As disclosed above, the following effects may be achieved with a print paper separating apparatus and method in accordance with exemplary embodiments of the present invention.
According to an exemplary implementation, since an elastic fiber naturally bends to an appropriate angle by accommodating the stiffness of print paper, various print papers with different degrees of stiffness can be successfully separated and damage to the front end of the print paper can be prevented.
According to another exemplary implementation, by installing a plurality of elastic fibers to tilt relative to a stack of print papers, the top ends, or leading edge, of the print papers insert between each of the plurality of elastic fibers, thereby completing a first separating process.
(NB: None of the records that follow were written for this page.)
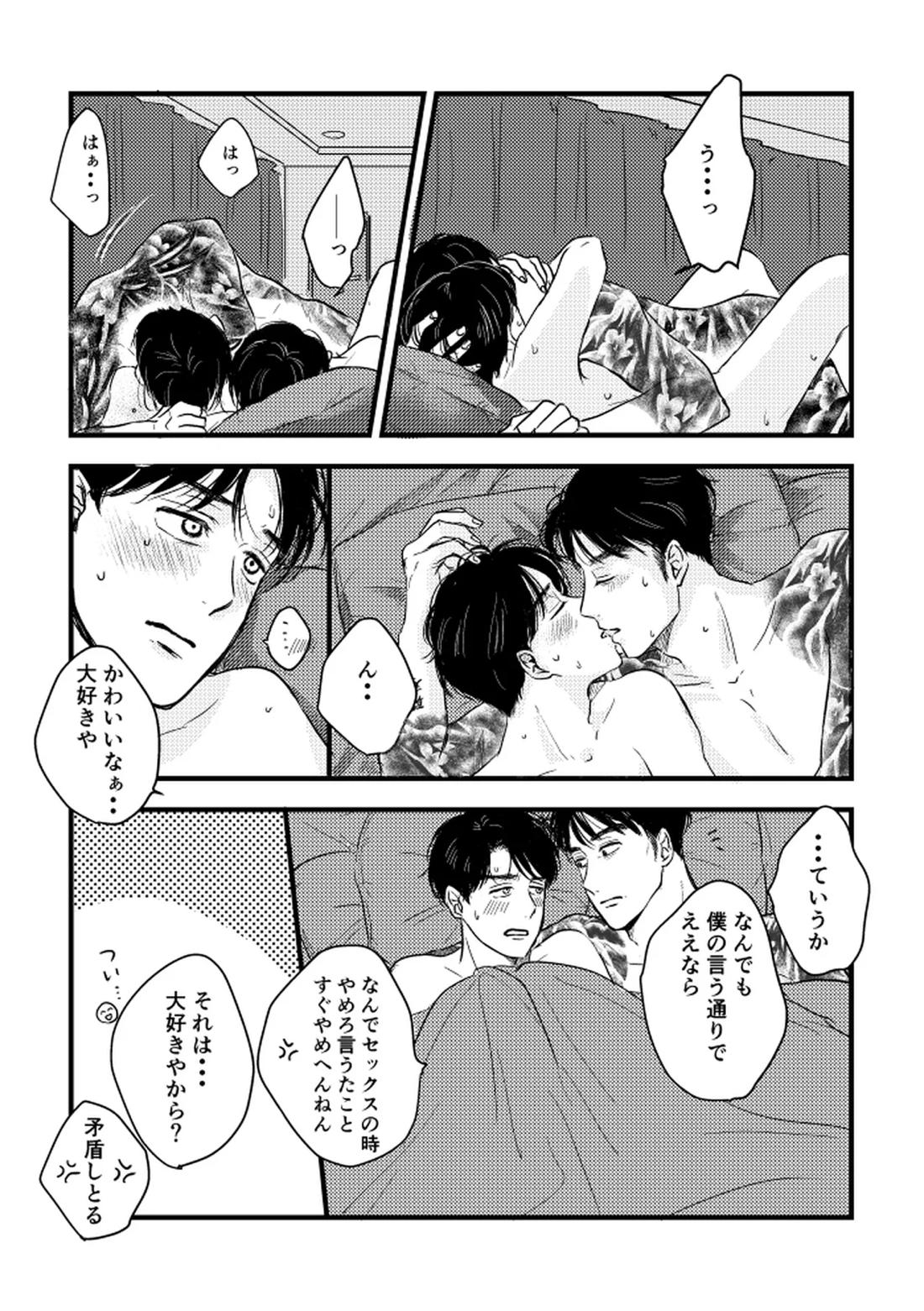 いつか、ふたりで 74ページ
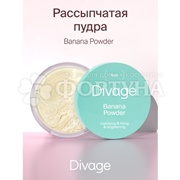 Пудра Divage Beauty Killer 14 г Рассыпчатая банановая т.01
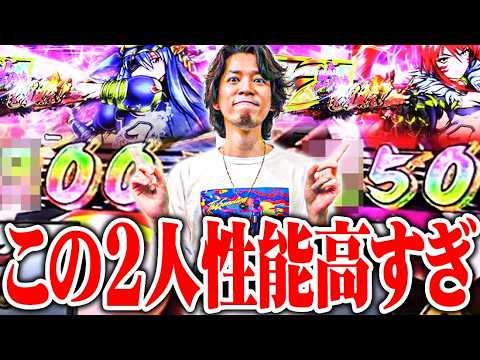 The result of ytr discovering a super-hot strategy for Sengoku Otome 5 [SEVEN'S TV #1659]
As a result, the possibility of double feeding or multiple feeding is reduced.
According to another exemplary implementation, by installing an aligning wall slightly recessed from the distal tip of the elastic fibers, the front ends of the print papers are prevented from being inserted too deeply between each of the plurality of elastic fibers.
According to another exemplary implementation, by providing an electrical ground for the elastic fibers, double feeding or multiple feeding caused by static electricity is prevented.
While the present invention has been particularly shown and described with reference to exemplary embodiments thereof, it will be understood by those of ordinary skill in the art that various changes in form and details may be made therein without departing from the spirit and scope of the present invention as defined by the appended claims.

Claims

1. A sheet paper separating apparatus, comprising:

a transporting element for transporting paper sheets by contacting a top sheet of a stack of the paper sheets and causing at least the top sheet of the stack of paper sheets to transport; and

a plurality of elastic fibers for inducing buckling of the at least the top sheet of the stack of paper using an elastic force, contact a front end of the at least the top sheet of the stack of paper sheets.

2. The print paper separating apparatus of claim 1, wherein the plurality of the elastic fibers are arranged at a tilt angle with respect to the stack of paper sheets.

3. The print paper separating apparatus of claim 2, further comprising, an aligning wall recessed from the plurality of the elastic fibers, wherein front ends of the stack of paper sheets are aligned by coming into contact with the aligning wall.

4. The print paper separating apparatus of claim 3, wherein the plurality of the elastic fibers comprise respective distal tips, and the aligning wall is parallel to the distal tips of the plurality of elastic fibers.

5. The print paper separating apparatus of claim 1, wherein the plurality of elastic fibers are electrically coupled to ground.

6. A method of separating a top sheet of paper from a stack of paper sheets, the method comprising:

inserting a stack of paper sheets at a tilt angle relative to a plurality of elastic fibers, the elastic fibers being adapted to induce buckling by elastic force; and

advancing the top sheet of the stack of the paper sheets toward the elastic fibers,

wherein the elastic fibers bend in response to contact with at least the advancing top sheet until the at least the advancing top sheet applies a level of force against the elastic fibers so as to cause the top sheet to buckle and transport over the elastic fibers.

7. The method of claim 6, further comprising the tilt angle adjusting to accommodate paper thickness.